◆ PROBLEM DESCRIPTION
Although the data below contains pictures, output only the lines between those holding "Kunstturner Helmut Bantz beim Salto (1961)" and "Техниката на класическия масаж на лицето", inclusive, exactly and without those pictures.
MATERIAL FOR THIS EXERCISE START
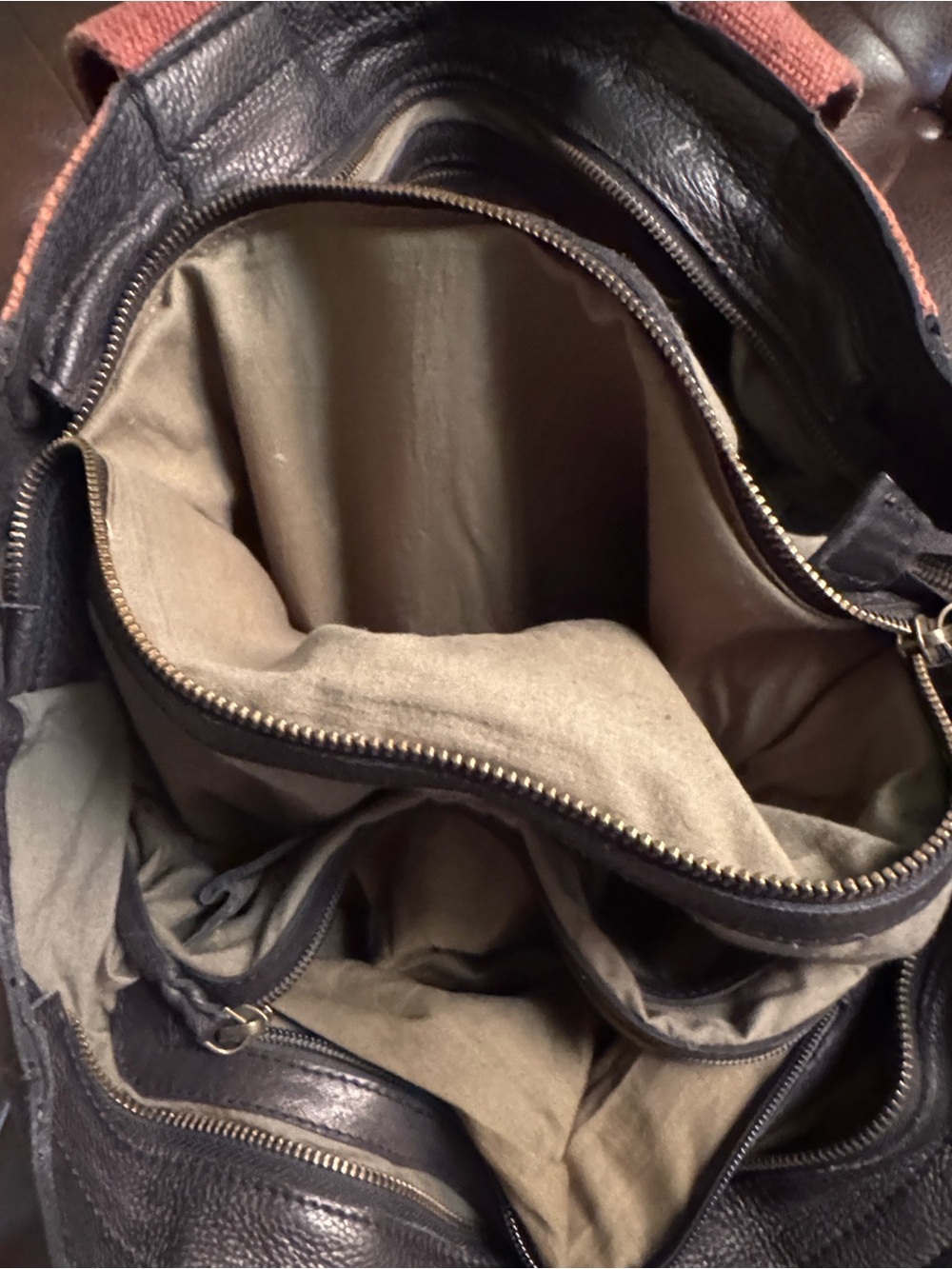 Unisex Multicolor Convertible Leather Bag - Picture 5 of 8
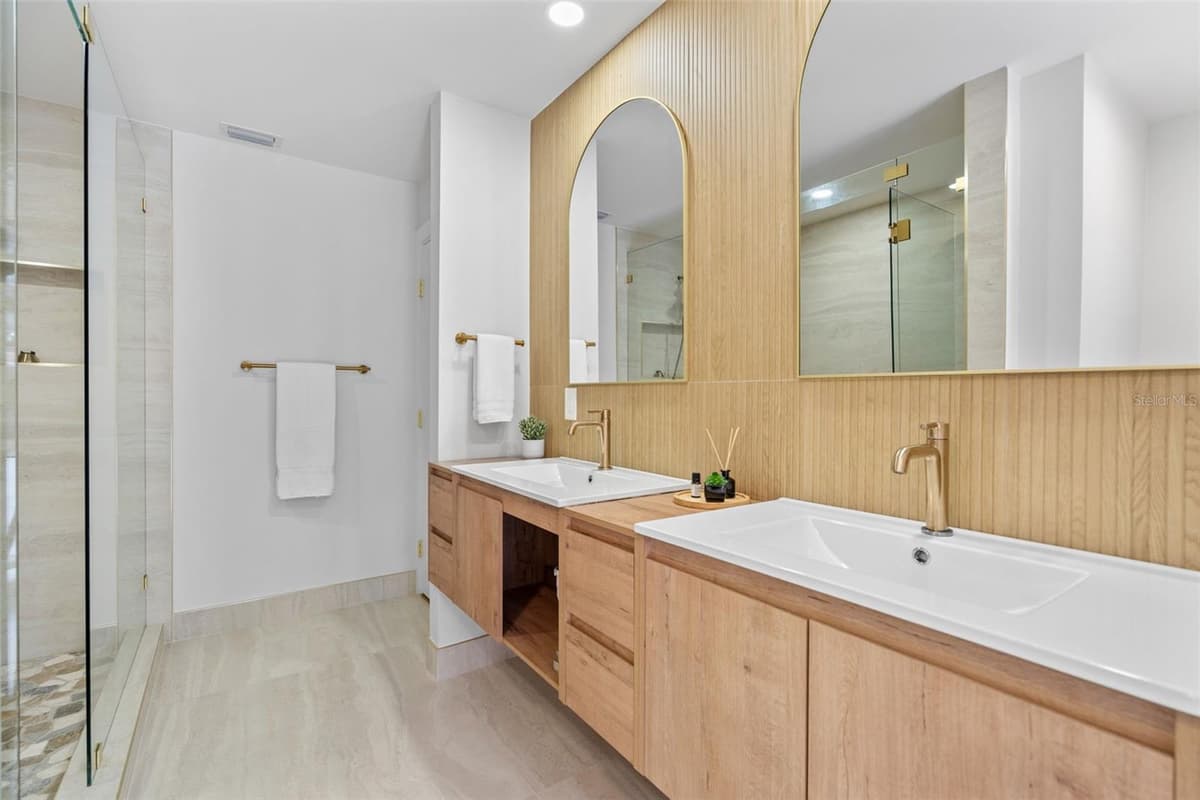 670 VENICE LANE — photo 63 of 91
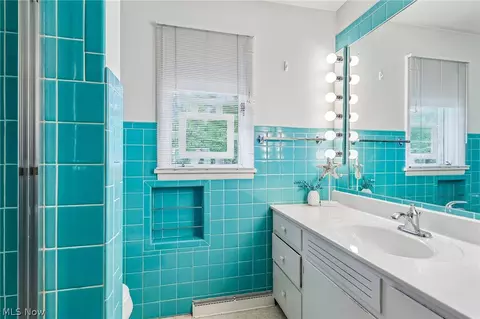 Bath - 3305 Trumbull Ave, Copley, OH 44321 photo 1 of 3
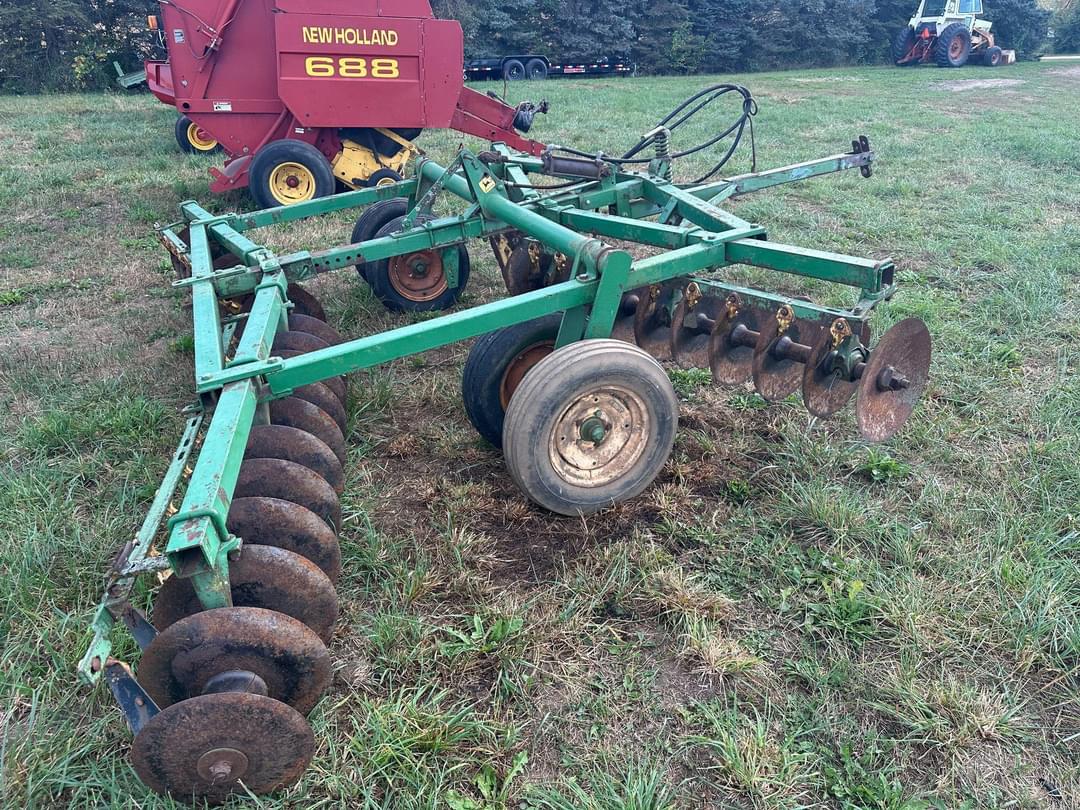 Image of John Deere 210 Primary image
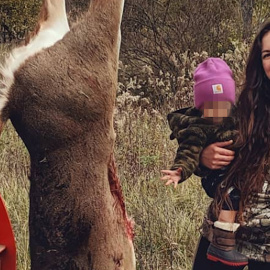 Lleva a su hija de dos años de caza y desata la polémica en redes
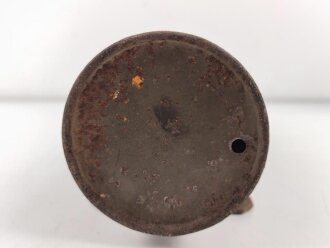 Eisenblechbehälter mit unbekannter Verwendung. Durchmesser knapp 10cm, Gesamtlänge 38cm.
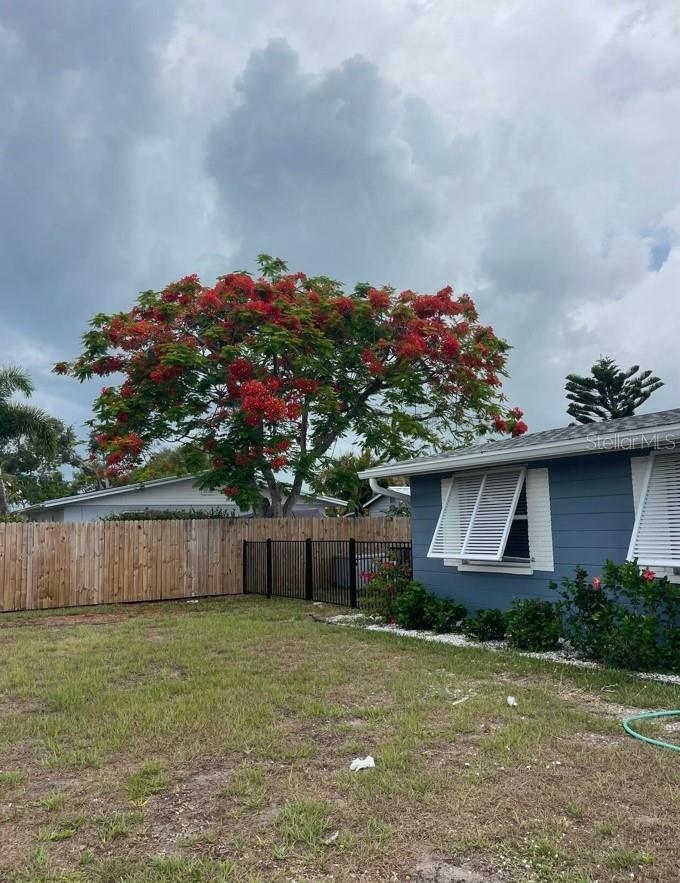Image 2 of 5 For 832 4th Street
MATERIAL FOR THIS EXERCISE END
MATERIAL FOR THIS EXERCISE START
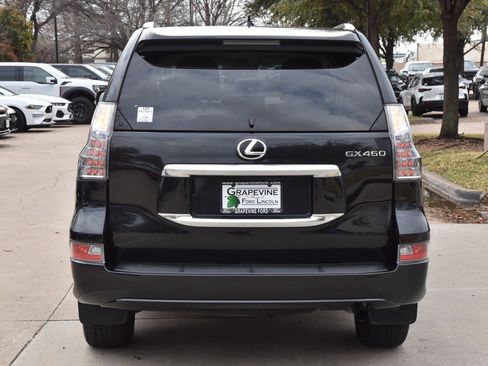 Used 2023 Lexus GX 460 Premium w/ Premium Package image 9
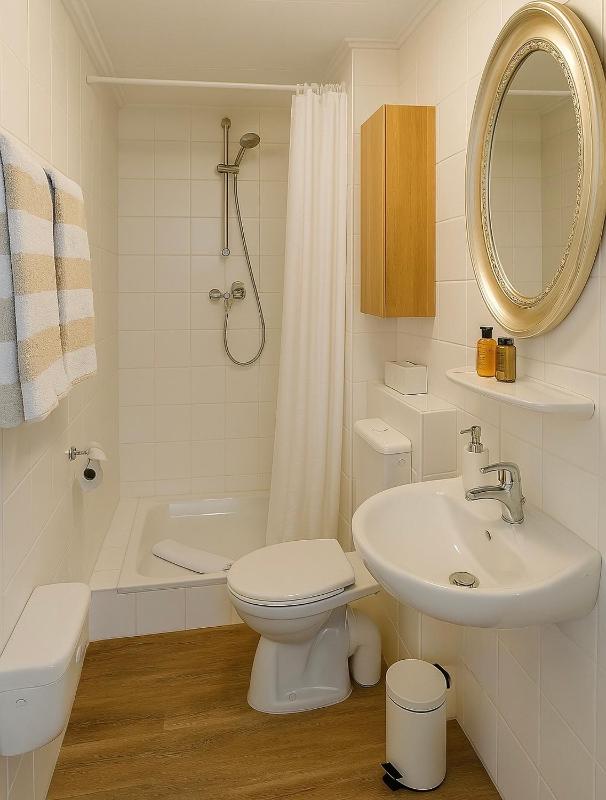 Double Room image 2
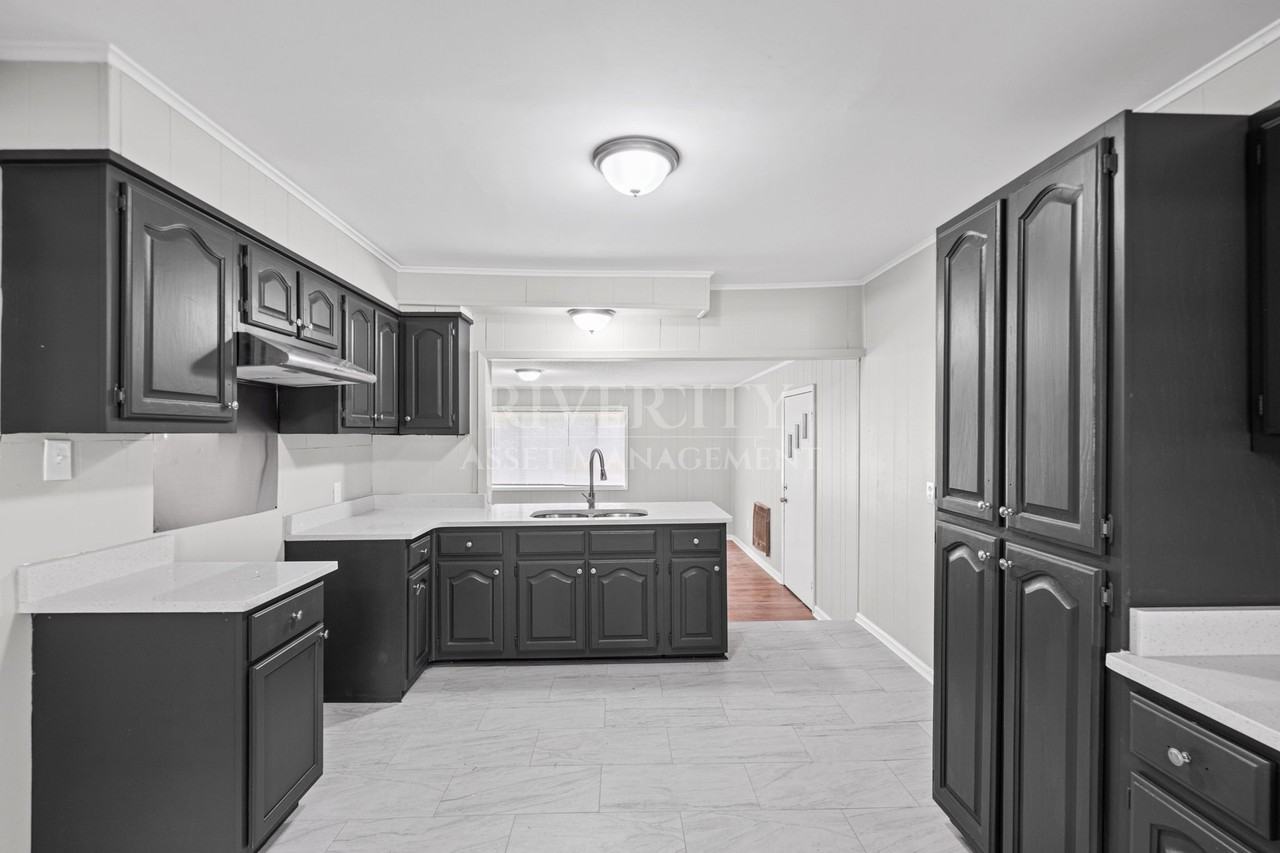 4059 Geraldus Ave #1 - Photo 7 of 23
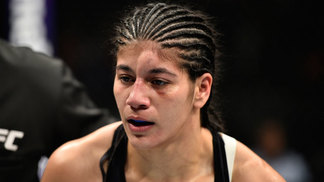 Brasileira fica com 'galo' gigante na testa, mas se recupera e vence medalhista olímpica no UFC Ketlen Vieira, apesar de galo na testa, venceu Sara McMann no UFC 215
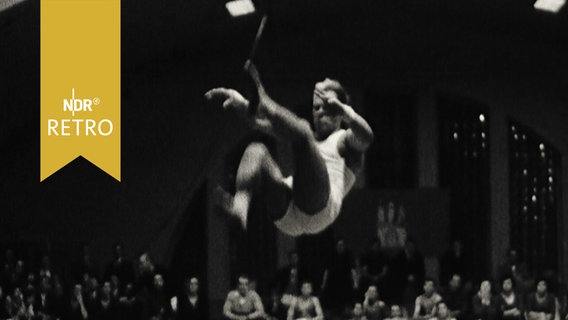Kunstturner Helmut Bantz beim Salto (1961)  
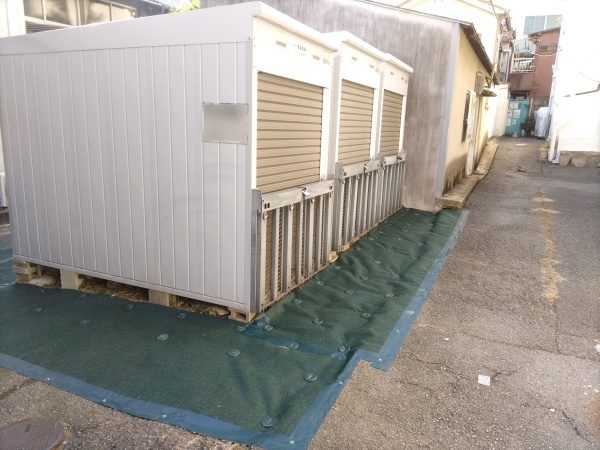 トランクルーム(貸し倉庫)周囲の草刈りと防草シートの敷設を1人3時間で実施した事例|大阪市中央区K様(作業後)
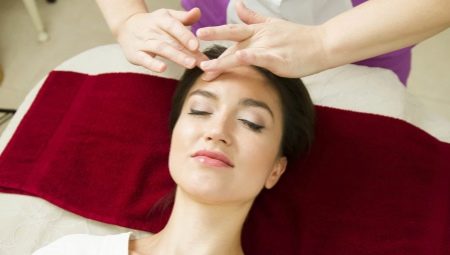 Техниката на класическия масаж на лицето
MATERIAL FOR THIS EXERCISE END
MATERIAL FOR THIS EXERCISE START
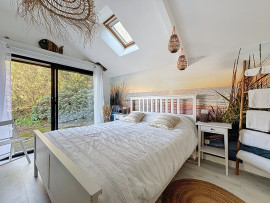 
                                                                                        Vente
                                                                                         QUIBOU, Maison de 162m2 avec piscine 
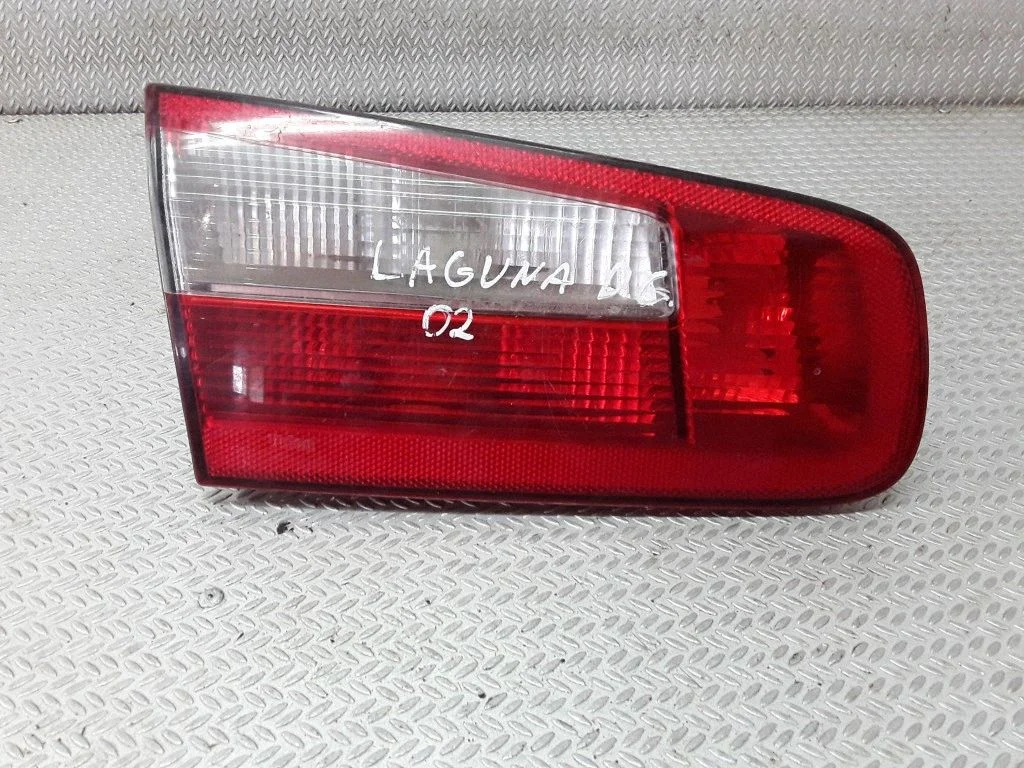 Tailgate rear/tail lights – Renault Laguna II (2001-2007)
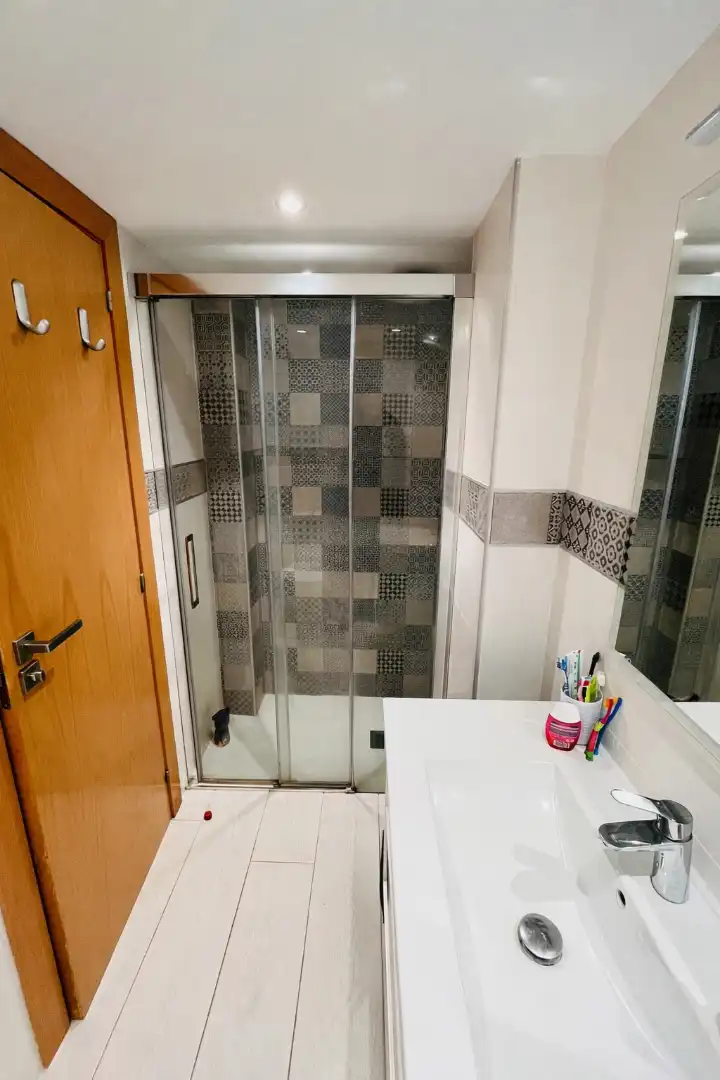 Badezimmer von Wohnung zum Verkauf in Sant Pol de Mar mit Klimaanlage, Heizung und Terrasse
MATERIAL FOR THIS EXERCISE END
◆ YOUR RESPONSE
Kunstturner Helmut Bantz beim Salto (1961)  
 トランクルーム(貸し倉庫)周囲の草刈りと防草シートの敷設を1人3時間で実施した事例|大阪市中央区K様(作業後)
 Техниката на класическия масаж на лицето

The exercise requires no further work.